Talking to someone is also a great chance to gain some perspective on what’s bothering you. It could also highlight ways in which problems could be solved – maybe there’s something small that could make all the difference. Or maybe talking through what happened will allow you to come up with new ideas for dealing with it next time?
We encourage you to seek support from friends or family members, your GP or training professionals who work specifically with mental health services. If none of these options appeal or fit your life right now, consider reaching out online or by phone. Organisations such as Beyond Blue, Lifeline or Kids Helpline offer peer-to-peer support through text or phone.
Regular exercise is one of the best things you can do for your mental health. Exercise boosts circulation and releases endorphins, which help improve your mood. Studies have shown that exercise can also help combat anxiety, depression and other mental illnesses by reducing stress levels, improving sleep quality and boosting self-esteem.
While different types of exercise can benefit mental health, some research has shown that aerobic activity, like jogging or swimming, can lower depression symptoms more than resistance training.
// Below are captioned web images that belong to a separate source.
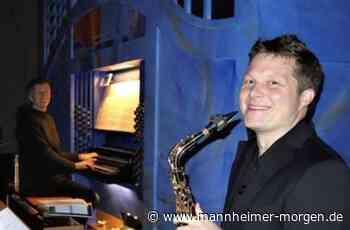 Andacht mit Saxofon - Mannheimer Morgen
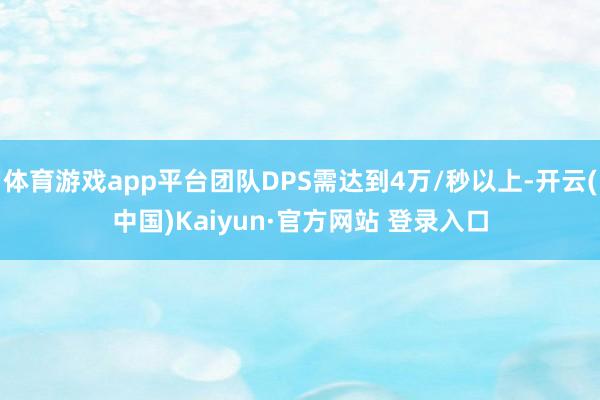 体育游戏app平台团队DPS需达到4万/秒以上-开云(中国)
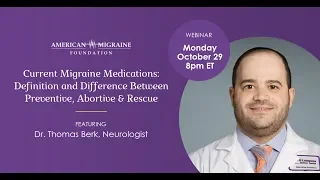 Webinar: Current Migraine Medications by Dr. Thomas Berk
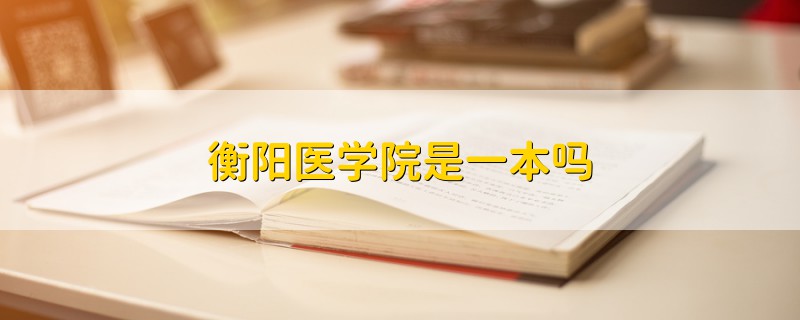 衡陽醫(yī)學(xué)院是一本嗎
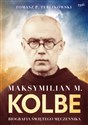 Maksymilian M. Kolbe wydanie prezentowe Biografia świętego męczennika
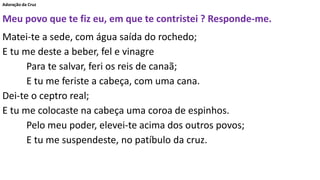 Adoração da Cruz
Meu povo que te fiz eu, em que te contristei ? Responde-me.
Matei-te a sede, com água saída do rochedo;
E tu me deste a beber, fel e vinagre
Para te salvar, feri os reis de canaã;
E tu me feriste a cabeça, com uma cana.
Dei-te o ceptro real;
E tu me colocaste na cabeça uma coroa de espinhos.
Pelo meu poder, elevei-te acima dos outros povos;
E tu me suspendeste, no patíbulo da cruz.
However, both forms of exercise are associated with improvements in psychological well-being, so engage in the activities you enjoy most.
You may find greater consistency in exercising when teamed with a social activity. Engaging in team sports, a walking group or group fitness may encourage you to continue that form of physical activity over the long term. Many people also find that walking for 30 minutes three times per week provides tangible benefits in reducing stress levels and improving sleep quality.
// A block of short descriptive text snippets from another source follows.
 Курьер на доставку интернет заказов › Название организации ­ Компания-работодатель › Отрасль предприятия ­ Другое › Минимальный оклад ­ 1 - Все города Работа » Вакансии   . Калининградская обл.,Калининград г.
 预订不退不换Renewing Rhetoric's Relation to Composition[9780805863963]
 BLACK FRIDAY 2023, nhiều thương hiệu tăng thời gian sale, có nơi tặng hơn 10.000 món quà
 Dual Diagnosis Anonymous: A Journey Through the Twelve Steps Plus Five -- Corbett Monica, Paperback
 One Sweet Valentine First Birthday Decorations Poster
Being mindful means being present in the moment. It’s about observing your thoughts, feelings and senses without judgment. It can be done through meditation or just by taking a few moments to stop what you’re doing, take a deep breath and focus on the present moment.
You don’t have to be a yogi or spiritual guru to be mindful or meditate. Being mindful is being aware of your senses. You can do this by focusing on an object like an apple as you eat it, focusing on the texture and taste of the food. When walking in nature, try focusing on how the ground feels beneath your feet or what smells you sense.
You don’t need to be sitting cross-legged on the floor with your eyes closed if it doesn’t work for you; find whatever works best for you at that time. The more time we spend aware of our thoughts and senses in the moment, the less stressed we’ll feel throughout our day-to-day lives.
Limit your alcohol consumption
Limiting your alcohol intake is a good way of maintaining mental health. Drinking too much can increase your risk of developing depression and also cause you to make poor decisions, forget things and become aggressive.
By sticking within recommended drinking guidelines (2 units per day for women & 3 units per day for men), there is less chance that any negative consequences will occur due to drinking too much or too often. If you notice that drinking has negatively affected your life, then it’s time to set some ground rules around how much you drink.
Eating well is a great way to improve your mental health. A well-balanced, healthy diet can help reduce stress and anxiety and boost energy levels.
Try to avoid processed foods and refined carbohydrates. They are low in fibre and many of the vitamins and minerals your body needs to function at its best.
Include foods high in Omega 3 fatty acids, such as oily fish (e.g., mackerel, tuna), nuts (especially walnuts), seeds and leafy greens such as kale or broccoli. These are all excellent sources of vitamin B3, which is needed for healthy brain function.
Foods like eggs, lentils, beans and spinach, all contain large amounts of folate. Folate helps keep our moods stable by reducing homocysteine levels in the bloodstream – an excess of which can lead to depression.
If you’re struggling with your mental health, it can feel daunting and lonely. But we hope these tips help you to look after yourself. Remember that it is okay not to be okay, which is why it’s important to talk about what we’re feeling with someone who will listen without judgement. Remember, a conversation can change a life.